Presseerklärung des Wissenschaftlichen Instituts der AOK
Krankenhaus-Report 2004 erschienen
Qualität von Krankenhäusern muss transparenter werden

Bonn (ots)

Die Qualität von Krankenhäusern gehört derzeit noch
zu den bestgehüteten Geheimnissen in Deutschland. Während man in
anderen Ländern problemlos Vergleiche von Krankenhäusern im Internet
recherchieren kann, ist Deutschland in Sachen
Qualitätsberichterstattung eher Entwicklungsland. Ab dem kommenden
Jahr 2005 verpflichtet der Gesetzgeber alle Krankenhäuser zu
Qualitätsberichten. Diese sind nach Ansicht des Krankenhaus-Reports,
der heute in seiner neuen Ausgabe erschienen ist, erst der Beginn
einer notwendigen Entwicklung in Richtung auf mehr
Qualitätstransparenz. Krankenhäuser, so der Report, stehen als sozial
verantwortliche Unternehmen in der besonderen Pflicht gegenüber
Patienten und Öffentlichkeit, ihre Ergebnisse offenzulegen und sich
vergleichen zu lassen.
Andere Länder, so z. B. die USA oder Kanada, zeigen uns, wie ein
offener und zugleich verantwortlicher Umgang mit Kennzahlen der
Krankenhausqualität funktioniert, sagte Henner Schellschmidt vom WIdO
bei der Vorstellung des neuen Krankenhaus-Reports. Hieraus müsse man
lernen und auch für Deutschland geeignete Berichtssysteme aufbauen.

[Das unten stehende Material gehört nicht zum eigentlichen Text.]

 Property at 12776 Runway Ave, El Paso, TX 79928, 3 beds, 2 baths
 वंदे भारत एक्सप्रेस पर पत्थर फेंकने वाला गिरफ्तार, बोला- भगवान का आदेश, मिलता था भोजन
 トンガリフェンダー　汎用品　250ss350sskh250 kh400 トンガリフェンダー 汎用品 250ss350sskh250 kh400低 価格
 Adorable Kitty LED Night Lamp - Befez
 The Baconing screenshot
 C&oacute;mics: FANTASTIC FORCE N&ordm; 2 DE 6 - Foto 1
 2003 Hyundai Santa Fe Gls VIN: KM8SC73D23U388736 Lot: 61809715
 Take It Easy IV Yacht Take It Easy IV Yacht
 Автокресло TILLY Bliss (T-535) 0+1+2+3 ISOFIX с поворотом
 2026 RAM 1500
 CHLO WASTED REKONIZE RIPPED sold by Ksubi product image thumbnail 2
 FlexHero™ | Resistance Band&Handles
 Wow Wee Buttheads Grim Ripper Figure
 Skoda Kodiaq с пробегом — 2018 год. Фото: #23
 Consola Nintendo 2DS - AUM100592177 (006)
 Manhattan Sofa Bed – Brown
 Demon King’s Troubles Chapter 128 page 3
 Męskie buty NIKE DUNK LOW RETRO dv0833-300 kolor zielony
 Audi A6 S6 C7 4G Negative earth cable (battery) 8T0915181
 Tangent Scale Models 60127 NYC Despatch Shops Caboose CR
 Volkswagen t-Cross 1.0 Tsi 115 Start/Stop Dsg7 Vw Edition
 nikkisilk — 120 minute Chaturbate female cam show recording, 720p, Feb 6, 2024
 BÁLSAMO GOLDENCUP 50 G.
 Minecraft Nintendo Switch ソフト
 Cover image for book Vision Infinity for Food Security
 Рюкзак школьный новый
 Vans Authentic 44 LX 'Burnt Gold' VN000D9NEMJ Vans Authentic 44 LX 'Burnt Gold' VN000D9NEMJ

Der Krankenhaus-Report liefere hierfür die notwendigen Grundlagen.
Die Bilanz für das bereits erreichte Transparenzniveau in Deutschland
fällt eher kritisch aus. Dabei, so der Report, ist
Qualitätstransparenz zentral für die Weiterentwicklung des
Gesundheitswesens in Deutschland. Anders als früher vertraue man
heute nicht einfach auf gute Qualität in der Medizin, sondern wolle
zu Recht Belege hierfür sehen. Vertrauen, so Mitherausgeber
Bernt-Peter Robra von der Universität Magdeburg, verdiene, wer bereit
sei, Behandlungsergebnisse offen zu legen. So zeige ein Krankenhaus
seine Verantwortung gegenüber den Patienten und der Gesellschaft.
Kennzahlen der Krankenhausversorgung
Laut Krankenhaus-Report 2004 gab es im Jahr 2002 in Deutschland
2.222 Krankenhäuser (-0,8% gegenüber Vorjahr) mit rd. 547.000 Betten
(-1,0 %). Die durchschnittliche Verweildauer lag bei 9,2 Tagen, das
ist erneut ein Rückgang um 2,1 %. Es arbeiten mit knapp 113.000
Vollzeitkräften immer mehr Ärzte im Krankenhaus (+ 2,4 %). Im Jahr
1991 waren es noch 95.000. Eine Trendumkehr gab es beim
nichtärztlichen Personal: Während in den Vorjahren hier die Zahl der
Beschäftigten kontinuierlich zurückging, stieg der Wert in 2002
erstmals wieder um 2,2 % auf insgesamt gut 738.000 Vollkräfte.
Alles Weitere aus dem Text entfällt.